Work item: Below are some records. Print exactly the lines between the one holding "Ngố cổ V xanh biển hoa" and the one holding "Alucard from Hellsing", inclusive, and nothing else.

Source data:

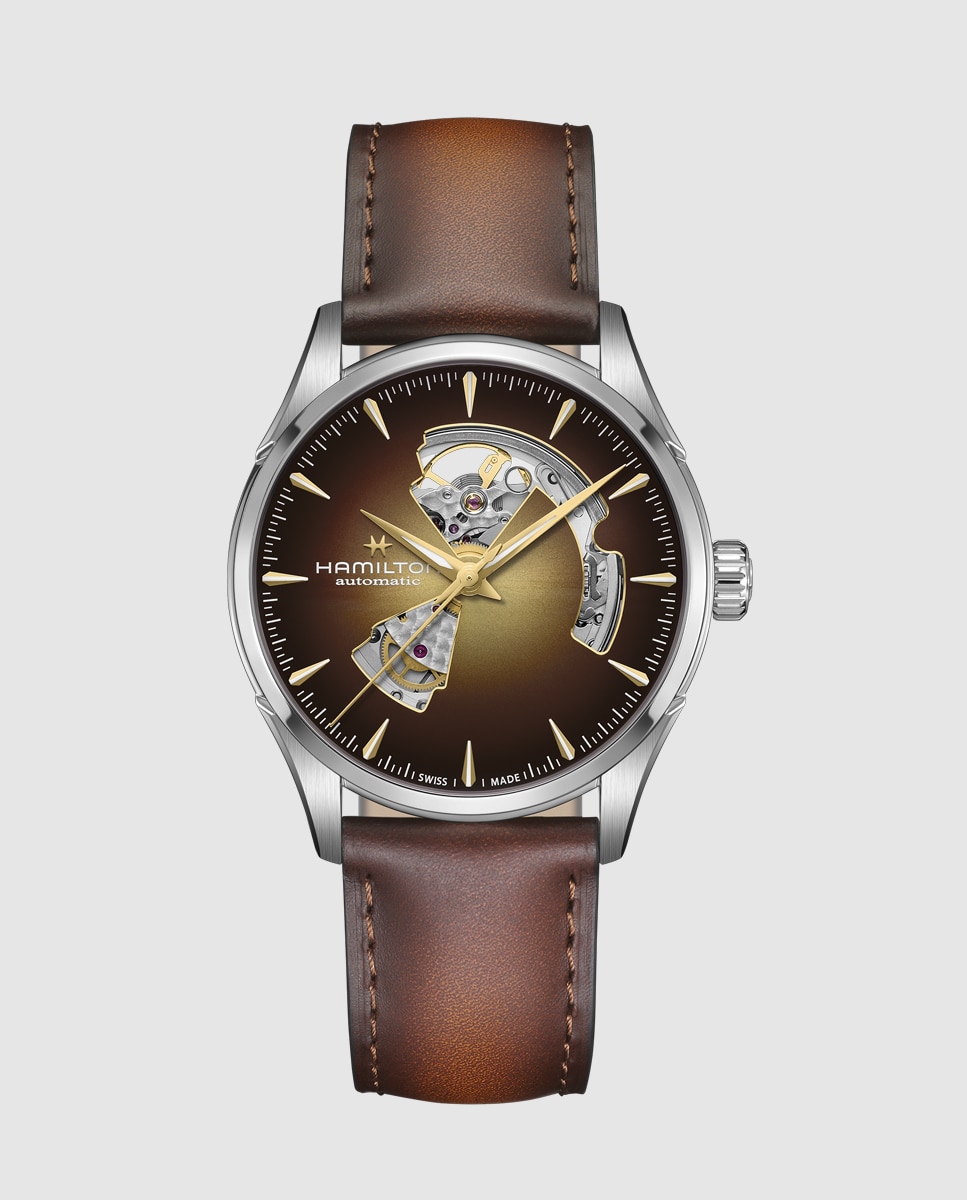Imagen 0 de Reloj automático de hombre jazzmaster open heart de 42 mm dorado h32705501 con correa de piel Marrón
...
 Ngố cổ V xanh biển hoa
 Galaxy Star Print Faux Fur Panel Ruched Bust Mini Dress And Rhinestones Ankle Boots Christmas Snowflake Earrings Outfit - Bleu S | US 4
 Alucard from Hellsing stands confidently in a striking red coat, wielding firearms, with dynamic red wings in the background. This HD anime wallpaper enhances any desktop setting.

Answer to this task:
 Ngố cổ V xanh biển hoa
 Galaxy Star Print Faux Fur Panel Ruched Bust Mini Dress And Rhinestones Ankle Boots Christmas Snowflake Earrings Outfit - Bleu S | US 4
 Alucard from Hellsing stands confidently in a striking red coat, wielding firearms, with dynamic red wings in the background. This HD anime wallpaper enhances any desktop setting.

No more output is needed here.